Tuberkulosis merupakan penyakit infeksi yang disebabkan oleh Mycobacterium tuberculosis dan Mycobacterium bovis (sangat jarang disebabkan oleh Mycobacterium avium). Mycobacterium tuberculosis ditemukan oleh Robert Koch pada tahun 1882. Basil tuberkulosis dapat hidup dan tetap virulen beberapa minggu dalam keadaan kering, tetapi bila dalam cairan akan mati pada suhu 60°C dalam waktu 15-20 menit. Fraksi protein basil tuberkulosis menyebabkan nekrosis jaringan, sedangkan lemaknya menyebabkan sifat tahan asam dan merupakan faktor penyebab terjadinya fibrosis dan terbentuknya sel epiteloid dan tuberkel. Kuman ini berbentuk batang, mempunyai sifat khusus yaitu tahan terhadap asam pada pewarnaan, Oleh karena itu disebut pula sebagai Basil Tahan Asam (BTA), kuman TB cepat mati dengan sinar matahari langsung, tetapi dapat bertahan hidup beberapa jam ditempat yang gelap dan lembab.
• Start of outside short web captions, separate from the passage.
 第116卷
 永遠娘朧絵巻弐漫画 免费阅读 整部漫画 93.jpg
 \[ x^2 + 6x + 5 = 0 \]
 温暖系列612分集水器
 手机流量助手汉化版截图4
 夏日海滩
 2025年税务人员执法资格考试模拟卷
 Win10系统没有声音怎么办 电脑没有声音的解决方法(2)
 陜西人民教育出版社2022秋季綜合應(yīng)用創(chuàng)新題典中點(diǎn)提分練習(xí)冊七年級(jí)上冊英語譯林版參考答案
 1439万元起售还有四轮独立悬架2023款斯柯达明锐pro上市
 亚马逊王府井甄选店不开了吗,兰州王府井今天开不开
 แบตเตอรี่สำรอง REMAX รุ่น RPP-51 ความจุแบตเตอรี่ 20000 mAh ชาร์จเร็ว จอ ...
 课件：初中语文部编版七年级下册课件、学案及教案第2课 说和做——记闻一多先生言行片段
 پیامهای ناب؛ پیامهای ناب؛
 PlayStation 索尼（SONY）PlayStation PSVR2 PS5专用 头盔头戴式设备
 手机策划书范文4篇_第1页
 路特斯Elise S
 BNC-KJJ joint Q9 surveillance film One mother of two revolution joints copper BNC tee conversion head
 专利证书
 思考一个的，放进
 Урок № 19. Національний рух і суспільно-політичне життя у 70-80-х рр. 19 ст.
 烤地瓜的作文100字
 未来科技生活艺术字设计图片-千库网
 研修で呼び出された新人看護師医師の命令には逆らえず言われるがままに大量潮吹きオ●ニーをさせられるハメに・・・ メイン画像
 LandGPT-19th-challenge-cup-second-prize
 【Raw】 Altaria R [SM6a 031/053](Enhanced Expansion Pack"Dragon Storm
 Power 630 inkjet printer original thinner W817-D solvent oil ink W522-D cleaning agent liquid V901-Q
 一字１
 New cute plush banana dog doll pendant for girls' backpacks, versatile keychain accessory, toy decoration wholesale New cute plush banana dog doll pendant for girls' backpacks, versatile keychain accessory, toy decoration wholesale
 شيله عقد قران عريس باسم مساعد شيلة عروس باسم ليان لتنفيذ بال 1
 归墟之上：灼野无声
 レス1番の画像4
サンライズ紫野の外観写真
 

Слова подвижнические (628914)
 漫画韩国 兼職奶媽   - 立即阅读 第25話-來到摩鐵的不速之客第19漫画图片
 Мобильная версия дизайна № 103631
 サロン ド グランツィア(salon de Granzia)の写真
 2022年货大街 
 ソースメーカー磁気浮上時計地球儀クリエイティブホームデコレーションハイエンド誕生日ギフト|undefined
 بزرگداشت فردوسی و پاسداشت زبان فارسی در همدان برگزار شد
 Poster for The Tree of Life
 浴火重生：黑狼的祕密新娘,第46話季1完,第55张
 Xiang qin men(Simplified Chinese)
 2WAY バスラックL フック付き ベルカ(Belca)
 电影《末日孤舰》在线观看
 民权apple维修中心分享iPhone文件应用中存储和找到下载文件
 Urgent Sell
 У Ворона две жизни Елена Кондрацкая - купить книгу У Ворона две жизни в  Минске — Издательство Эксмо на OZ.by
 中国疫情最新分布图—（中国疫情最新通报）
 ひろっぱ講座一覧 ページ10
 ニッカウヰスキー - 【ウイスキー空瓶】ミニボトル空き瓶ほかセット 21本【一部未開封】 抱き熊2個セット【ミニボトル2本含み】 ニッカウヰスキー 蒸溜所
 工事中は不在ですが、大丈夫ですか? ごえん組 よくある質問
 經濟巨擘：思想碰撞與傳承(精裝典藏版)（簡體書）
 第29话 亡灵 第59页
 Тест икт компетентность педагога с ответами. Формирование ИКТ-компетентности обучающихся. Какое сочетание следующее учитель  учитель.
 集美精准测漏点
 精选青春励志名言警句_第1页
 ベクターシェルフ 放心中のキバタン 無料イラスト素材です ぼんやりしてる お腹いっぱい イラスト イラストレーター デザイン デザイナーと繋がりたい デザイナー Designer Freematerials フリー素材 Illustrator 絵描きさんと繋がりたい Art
Dalam jaringan tubuh kuman ini dapat dormant, tertidur lama selama beberapa tahun.

Basil tuberculosis tidak membentuk toksin (baik endotoksin maupun eksotoksin). Penularan Mycobacterium tuberculosis biasanya melalui udara, sehingga sebagian besar fokus primer tuberculosis terdapat dalam paru. Selain melalui udara, penularan dapat peroral misalnya minum susu yang mengandung basil tuberculosis, biasanya Mycobacterium bovis. Dapat juga melalui luka atau lecet di kulit.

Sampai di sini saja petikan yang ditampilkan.